## Data shown
——
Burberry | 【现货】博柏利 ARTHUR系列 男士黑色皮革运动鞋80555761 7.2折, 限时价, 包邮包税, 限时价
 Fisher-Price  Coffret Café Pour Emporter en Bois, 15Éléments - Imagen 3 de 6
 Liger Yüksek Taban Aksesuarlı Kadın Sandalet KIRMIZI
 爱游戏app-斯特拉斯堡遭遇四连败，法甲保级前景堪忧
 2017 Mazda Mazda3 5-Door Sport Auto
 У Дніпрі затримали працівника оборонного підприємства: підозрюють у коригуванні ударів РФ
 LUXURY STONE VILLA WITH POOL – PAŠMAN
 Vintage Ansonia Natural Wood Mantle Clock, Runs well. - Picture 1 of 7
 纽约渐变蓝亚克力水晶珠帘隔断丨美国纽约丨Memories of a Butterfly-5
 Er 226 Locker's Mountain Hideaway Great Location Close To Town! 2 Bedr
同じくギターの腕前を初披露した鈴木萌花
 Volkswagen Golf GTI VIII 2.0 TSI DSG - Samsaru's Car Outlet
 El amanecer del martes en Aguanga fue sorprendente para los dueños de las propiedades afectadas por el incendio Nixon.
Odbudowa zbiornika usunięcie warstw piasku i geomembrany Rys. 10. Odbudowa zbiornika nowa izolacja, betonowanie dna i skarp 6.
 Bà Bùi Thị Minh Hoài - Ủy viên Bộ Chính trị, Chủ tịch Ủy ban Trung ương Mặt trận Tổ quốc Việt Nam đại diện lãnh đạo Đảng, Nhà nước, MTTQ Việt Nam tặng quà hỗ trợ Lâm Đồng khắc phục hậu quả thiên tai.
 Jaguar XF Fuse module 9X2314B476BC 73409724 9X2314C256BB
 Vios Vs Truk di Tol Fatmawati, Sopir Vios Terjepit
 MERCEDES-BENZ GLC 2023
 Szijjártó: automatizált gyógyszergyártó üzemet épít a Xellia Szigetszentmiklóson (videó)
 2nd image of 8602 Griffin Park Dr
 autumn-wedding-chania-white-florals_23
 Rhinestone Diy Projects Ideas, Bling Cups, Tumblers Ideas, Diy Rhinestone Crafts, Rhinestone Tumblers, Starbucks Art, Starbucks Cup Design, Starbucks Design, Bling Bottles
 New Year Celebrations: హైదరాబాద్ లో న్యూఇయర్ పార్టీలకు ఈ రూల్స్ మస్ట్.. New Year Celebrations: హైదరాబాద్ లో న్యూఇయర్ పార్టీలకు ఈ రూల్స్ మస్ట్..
——
## Requirement
Every line above from the line with "纽约渐变蓝亚克力水晶珠帘隔断丨美国纽约丨Memories of a" to the line with "Volkswagen Golf GTI", both included, must be reproduced exactly, and no other line may appear.

## Result
 纽约渐变蓝亚克力水晶珠帘隔断丨美国纽约丨Memories of a Butterfly-5
 Er 226 Locker's Mountain Hideaway Great Location Close To Town! 2 Bedr
同じくギターの腕前を初披露した鈴木萌花
 Volkswagen Golf GTI VIII 2.0 TSI DSG - Samsaru's Car Outlet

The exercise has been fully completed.